DEĞİŞEN TURİST PROFİLİ NE İSTİYOR?

Değişen bir turist profili var. Gümüş saçlı turistler yani 60 yaş üzeri segmenti hızla artıyor. Y ve Z kuşağı var bir de. Gastronomi odaklı, macera ve nostalji arayan bir grup. Otantik yerel deneyimler yaşamak istiyorlar ve teknolojiyi çok iyi kullanıyorlar. Hijyen, sağlık ve güvenli tatil ihtiyaç sıralamasının en üst sırasına yerleşti. Temiz çevre, hızlı ve sorunsuz tatil istiyorlar. Yapılması gereken, bir taraftan kentlerin eksiklerini hızlı bir şeklide giderirken bir taraftan da doğru kanalları kullanarak, pazara ve müşteri profiline uygun tanıtım faaliyetlerini etkinleştirmek. Aynı zamanda sektördeki işgücü kalitesini de artırmak durumundayız.

“SÜRDÜRÜLEBİLİRLİK, TURİZM SEKTÖRÜ İÇİN ANAHTAR KELİMEDİR”

Türk turizm yönetiminin aksayan yönleri nelerdir?
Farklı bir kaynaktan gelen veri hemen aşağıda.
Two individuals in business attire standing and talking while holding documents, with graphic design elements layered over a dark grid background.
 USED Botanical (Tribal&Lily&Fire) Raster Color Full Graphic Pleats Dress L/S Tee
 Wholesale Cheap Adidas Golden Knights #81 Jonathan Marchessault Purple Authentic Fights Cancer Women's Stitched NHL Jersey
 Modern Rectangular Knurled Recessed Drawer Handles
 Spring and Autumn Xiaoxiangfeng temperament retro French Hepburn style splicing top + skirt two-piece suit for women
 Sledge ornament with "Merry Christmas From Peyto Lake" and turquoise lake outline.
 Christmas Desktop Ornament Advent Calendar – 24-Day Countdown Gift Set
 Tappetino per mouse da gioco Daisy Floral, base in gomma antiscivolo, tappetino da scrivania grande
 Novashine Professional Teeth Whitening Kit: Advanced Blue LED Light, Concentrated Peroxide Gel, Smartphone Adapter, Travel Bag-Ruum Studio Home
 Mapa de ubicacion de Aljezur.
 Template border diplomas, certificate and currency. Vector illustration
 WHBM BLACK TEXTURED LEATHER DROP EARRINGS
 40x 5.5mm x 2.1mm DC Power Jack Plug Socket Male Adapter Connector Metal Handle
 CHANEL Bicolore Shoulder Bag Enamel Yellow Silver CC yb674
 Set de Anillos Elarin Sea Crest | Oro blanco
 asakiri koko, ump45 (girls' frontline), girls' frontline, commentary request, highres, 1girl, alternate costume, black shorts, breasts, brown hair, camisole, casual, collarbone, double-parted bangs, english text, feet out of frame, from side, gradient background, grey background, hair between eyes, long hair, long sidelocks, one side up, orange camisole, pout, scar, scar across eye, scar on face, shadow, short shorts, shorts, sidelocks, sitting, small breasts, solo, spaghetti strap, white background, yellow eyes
Turizm sektörü, en küçük kriz ortamından bile etkilenebilen kırılgan yapıya sahip bir sektör. Dolayısıyla ulusal ve uluslararası algı, yani ülkenin imajı turizmle doğrudan ilişkili. Türkiye’nin jeopolitik konumundan kaynaklanan dış tehditler, sektörün verimliliğini olumsuz yönde etkiliyor. Bunun dışında, Türkiye’nin turizm sektörü ile ilgili olarak yaşadığı en büyük sorunların başında altyapı ve hizmet kalitesi geliyor. Planlamada da mevzuattan kaynaklanan yetki karmaşası nedeniyle sorunlar yaşanıyor. Bir diğer önemli husus, kadim medeniyetlerin beşiği olan Anadolu coğrafyasında, tarihi ve kültürel mirasın özgün nitelikleriyle yeterince korunamamış olması. Bütün bunlara ek olarak tanıtım ve pazarlama faaliyetlerinde eksiklikler yaşandığını söyleyebiliriz. Sürdürülebilirlik, turizm sektörü için anahtar kelimedir. Sürdürülebilir çevre yönetimi, sürdürülebilir kıyı planlaması, sürdürülebilir turizm anlamına gelir.